Barnett comes more from the traditional American school privileging seapower, best known from the work of A T Mahan. Mahan thought (and Teddy Roosevelt agreed) that a powerful US navy was a the shield of the nation against the chaos of Eurasia. There is no need to get into long wars about the heartland; off-shore balancing is possible. The long US naval tradition is why the heartland school was never as dominant in the US as in Eurasia. Even though the US invented the nuke and has fought a land war in Asia for a decade now, the US is still firstly a naval power. I also think Barnett’s map reflects the American infatuation with technology and capitalism. Mackinder’s image is very traditional or realist: big states with big industries build big armies to conquer big spaces. This is a recipe every land strategist from Sun Tzu to Clausewitz could love. Barnett goes around all that to re-write geopolitics politically not militarily. In post-industrial economies, the control of land isn’t so important anymore (people’s brains are a lot more important than their manual labor in the fields of Ukraine). The critical divide is then between those states that function and those that do not. The functioning ones join globalization, get rich in the process, and then can use their wealth to set the rules. The nonfunctioning ones can’t grasp the benefits of globalization, generate all sorts of asymmetric problems, and are therefore the locus of military conflict. Policing failing states as spaces is more important the conquest of strategic territory. In Barnett’s world, Iraq, Somalia, Afghanistan, etc. are the threats of the future; in Mackinder’s China should start bullying central Asia and maybe Russia soon.

Has Barnett’s vision of Eurasia divided into functioning and failed states replaced Mackinder’s land-power realism? It seems to me that this is a good test of whether or not globalization is really changing a lot. If China and Russia become status quo powers, then yes.  Then the only big issues will be integrating the periphery and rogues into the world economy. In this environment, salafism and other ‘remnants of war’ becomes the biggest challenger (headache really) to the US. But Russia, and especially China, pursue major changes in the land order in Asia, then score one for the realists. And America’s decision to base in Australia now too says Obama is leaning against Barnett-Mahan offshore balancing, toward forward deterrence of Asia domination.

I would add to other factors to this macro-musing:

1. A strong test of these competing maps is Chinese and Russian behavior if US power weakens. Radical Islamists, driven by the fear of God, will assault the West regardless of the chances of victory. So in that sense, Barnett will always be correct. But Russia and China are more rational.
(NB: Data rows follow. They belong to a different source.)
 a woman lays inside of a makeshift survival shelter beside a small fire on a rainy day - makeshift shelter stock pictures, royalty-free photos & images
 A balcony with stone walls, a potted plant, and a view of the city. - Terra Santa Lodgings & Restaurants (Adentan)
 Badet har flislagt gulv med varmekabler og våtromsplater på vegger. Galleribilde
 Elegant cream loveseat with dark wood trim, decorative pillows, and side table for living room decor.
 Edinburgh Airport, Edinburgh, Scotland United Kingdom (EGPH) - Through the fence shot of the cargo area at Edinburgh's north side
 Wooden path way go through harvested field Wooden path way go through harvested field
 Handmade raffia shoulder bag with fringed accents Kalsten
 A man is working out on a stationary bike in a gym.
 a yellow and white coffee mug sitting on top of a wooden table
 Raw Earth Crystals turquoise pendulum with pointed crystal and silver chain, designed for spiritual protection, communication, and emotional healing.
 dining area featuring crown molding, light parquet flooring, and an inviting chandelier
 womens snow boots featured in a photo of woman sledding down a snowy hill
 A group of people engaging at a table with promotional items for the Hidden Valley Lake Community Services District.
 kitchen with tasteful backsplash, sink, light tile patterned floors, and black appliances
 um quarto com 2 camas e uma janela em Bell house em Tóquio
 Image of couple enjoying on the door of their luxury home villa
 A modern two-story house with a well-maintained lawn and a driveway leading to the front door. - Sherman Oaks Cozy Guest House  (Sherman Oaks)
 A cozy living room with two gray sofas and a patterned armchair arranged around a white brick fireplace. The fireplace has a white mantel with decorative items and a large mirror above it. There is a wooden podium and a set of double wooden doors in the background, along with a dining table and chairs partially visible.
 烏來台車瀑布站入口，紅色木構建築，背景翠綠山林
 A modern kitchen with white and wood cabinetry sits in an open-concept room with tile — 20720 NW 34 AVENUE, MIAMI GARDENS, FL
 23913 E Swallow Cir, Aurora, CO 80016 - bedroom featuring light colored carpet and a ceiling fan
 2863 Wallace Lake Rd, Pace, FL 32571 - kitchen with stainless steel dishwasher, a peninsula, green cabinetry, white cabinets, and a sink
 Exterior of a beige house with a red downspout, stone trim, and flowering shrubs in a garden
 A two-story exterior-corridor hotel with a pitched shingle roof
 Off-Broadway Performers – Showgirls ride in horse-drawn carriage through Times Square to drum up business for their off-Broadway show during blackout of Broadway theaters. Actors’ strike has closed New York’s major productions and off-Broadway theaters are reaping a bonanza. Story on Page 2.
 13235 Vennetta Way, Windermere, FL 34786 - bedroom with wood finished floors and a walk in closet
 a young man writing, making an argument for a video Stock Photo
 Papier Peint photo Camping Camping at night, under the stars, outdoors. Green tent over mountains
If US unipolarity holds, they are not likely to challenge the US, so then we’ll never know if the Russians and Chinese have changed because of globalization or were just deterred. But if the US declines, if military power genuinely disperses, and multipolarity emerges, then look for a challenge. As Beinart notes, “Offshore balancing, by contrast, reemerges when the money and bravado have run out.”

2. Global warming will raise the importance of the Heartland. In 1943, Mackinder noted the importance of the river basins in the Heartland. Fortunately for the West, those that flowed into the Arctic were blocked mostly be ice. Russian/Soviet naval power was forced to the fringes – Vladivostok, Leningrad, Odessa. If the Arctic truly meets permanently, perennial land power Russia will immediately become a sea power too. This would be an unprecedented shift, as geographic obstacles like the Arctic ice pack have generally been understood to be permanent, immovable features of geopolitics.